Although I’ve seen or heard every Doctor Who story at some point, I’ve never done the start-to-finish, episode by episode watch through that’s the hallmark of a true fan. So, in this hiatus year I thought I’d take the opportunity to go back, back to the beginning, and review each episode, one by one. Here goes…


It’s weird from the off: strange, swirling interference, like something’s gone wrong with the TV. Without resorting to The Outer Limits’ ominous voiceover, it’s basically saying that for the next 25 minutes we’re entering the Doctor’s world. The first character we see is a policeman, drawn towards a strange, humming Police Box that then dissolves into the corridors of Coal Hill school. The next five minutes introduce three of the four regulars. Barbara gets the first line: she’s established as being considerate, tenacious and interested in people. Ian is a bit more laid back: wry, plain speaking, with a matter-of-fact solidity to him that balances out Barbara’s intuition. The third wheel is Susan, who’s just a bit odd and exotic. Right from the off she’s more an object of idle curiosity than a character with much agency of her own.

The middle of the episode returns to the junkyard and the Police Box. A broken-headed dummy prefigures the grisly discovery of the Cave of Skulls. And the junkyard is an ideal image for Doctor Who as it will be – bits and pieces from here and there, jumbled together. You might find anything in here. Even free movement in time and space. Ian discovers the humming Police Box, and touches it. ‘It’s alive!’ he exclaims, like Colin Clive’s Frankenstein, discovering the monster. This is the moment when the Doctor enters: hat, scarf, big coat – all the basic elements already in place, but alien. He’s sinister, confrontational, sarcastic. Ian tries to be reasonable, but his temper is short. Barbara stays focused on the point of this adventure: Susan’s welfare. The three of them tumble together through the doors Susan has opened, into the TARDIS.

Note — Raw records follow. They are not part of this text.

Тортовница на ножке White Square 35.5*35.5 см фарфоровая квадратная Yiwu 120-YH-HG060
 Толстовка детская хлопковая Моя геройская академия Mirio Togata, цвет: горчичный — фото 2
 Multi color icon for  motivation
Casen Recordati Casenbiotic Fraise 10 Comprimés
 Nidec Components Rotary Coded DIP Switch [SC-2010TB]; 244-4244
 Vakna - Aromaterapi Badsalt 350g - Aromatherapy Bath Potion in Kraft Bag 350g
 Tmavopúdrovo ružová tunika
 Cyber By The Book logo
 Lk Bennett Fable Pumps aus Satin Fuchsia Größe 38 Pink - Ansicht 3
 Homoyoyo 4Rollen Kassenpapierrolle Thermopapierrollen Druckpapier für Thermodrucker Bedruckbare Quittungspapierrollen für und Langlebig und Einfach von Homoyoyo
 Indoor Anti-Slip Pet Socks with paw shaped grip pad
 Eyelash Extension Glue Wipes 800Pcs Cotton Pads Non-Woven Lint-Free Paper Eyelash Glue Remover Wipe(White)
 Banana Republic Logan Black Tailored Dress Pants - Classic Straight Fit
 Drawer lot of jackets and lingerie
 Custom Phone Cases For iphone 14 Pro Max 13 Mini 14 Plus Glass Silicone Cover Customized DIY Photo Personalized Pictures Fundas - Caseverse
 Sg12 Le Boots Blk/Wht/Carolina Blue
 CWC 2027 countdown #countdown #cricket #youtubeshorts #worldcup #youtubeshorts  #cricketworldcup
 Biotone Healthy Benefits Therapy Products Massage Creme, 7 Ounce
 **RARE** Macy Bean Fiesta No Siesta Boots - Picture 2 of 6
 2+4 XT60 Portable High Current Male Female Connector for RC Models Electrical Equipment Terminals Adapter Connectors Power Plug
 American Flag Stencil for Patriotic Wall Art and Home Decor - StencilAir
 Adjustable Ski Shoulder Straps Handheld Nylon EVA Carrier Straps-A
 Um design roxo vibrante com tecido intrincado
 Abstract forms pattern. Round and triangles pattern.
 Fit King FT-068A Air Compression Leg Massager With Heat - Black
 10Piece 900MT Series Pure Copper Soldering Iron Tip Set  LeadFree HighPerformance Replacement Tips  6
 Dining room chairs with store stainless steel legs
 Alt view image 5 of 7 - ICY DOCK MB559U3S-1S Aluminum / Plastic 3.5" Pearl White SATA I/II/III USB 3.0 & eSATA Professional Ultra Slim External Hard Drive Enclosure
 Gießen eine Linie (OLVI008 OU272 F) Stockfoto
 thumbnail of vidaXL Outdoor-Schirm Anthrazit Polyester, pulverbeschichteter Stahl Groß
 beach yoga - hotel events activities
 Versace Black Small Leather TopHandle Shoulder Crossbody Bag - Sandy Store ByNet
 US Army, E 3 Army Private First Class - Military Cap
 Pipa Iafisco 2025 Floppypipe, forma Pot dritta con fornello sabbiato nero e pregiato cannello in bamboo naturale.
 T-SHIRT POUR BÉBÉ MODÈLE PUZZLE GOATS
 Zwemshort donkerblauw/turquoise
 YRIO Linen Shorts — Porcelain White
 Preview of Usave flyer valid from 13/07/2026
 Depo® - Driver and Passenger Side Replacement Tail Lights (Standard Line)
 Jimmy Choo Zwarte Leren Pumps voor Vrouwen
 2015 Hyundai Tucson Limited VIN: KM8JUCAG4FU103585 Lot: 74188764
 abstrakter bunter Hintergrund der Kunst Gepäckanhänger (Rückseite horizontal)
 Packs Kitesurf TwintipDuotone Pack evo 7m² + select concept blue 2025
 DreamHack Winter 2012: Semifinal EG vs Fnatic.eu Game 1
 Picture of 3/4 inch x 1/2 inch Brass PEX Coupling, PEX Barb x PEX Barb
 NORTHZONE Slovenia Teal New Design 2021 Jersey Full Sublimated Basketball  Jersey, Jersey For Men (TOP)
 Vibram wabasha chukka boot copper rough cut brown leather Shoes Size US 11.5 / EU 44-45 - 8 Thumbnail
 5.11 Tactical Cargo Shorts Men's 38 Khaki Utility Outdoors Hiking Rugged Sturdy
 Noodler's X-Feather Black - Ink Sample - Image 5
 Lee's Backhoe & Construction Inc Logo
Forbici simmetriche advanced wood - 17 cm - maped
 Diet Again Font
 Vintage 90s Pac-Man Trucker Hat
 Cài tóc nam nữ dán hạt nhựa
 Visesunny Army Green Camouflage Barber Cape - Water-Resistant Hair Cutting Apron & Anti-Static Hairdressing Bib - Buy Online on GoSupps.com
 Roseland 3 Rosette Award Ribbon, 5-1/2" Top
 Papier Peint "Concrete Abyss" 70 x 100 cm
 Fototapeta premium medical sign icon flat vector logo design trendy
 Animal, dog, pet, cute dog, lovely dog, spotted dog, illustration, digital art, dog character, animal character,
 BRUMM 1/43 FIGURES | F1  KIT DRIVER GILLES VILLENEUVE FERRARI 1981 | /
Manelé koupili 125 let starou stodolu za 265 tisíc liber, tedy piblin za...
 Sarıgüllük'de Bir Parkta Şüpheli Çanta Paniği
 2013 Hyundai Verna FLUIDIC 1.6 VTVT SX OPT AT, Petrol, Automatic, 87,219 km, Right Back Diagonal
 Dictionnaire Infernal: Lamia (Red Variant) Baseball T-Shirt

The last third is a sustained info-dump, but done with a pace, clarity and conviction that the series hardly ever achieves: we learn the Doctor and Susan are aliens, time travellers, exiles. Ian is good at clarifying the plot by asking sensible questions. The Doctor remains high-handed: ‘I don’t discuss my private life with strangers’, and mocks the backwardness of Ian and Barbara. While Ian rises to it, argumentative, disbelieving, Barbara lets the sci-fi wash over her. She’s not interested, as Ian is, in the nuts and bolts – it’s Susan she cares about. In a funny way, this makes her the most Doctorish character, because it’s only when Susan threatens to leave him that the Doctor sets the controls in motion and the swirling interference of the title sequence intrudes into the story itself. From the moment that howlround began, the audience left the ordinary world behind. Now Ian and Barbara are embarking on the same journey. Nothing will ever be the same again.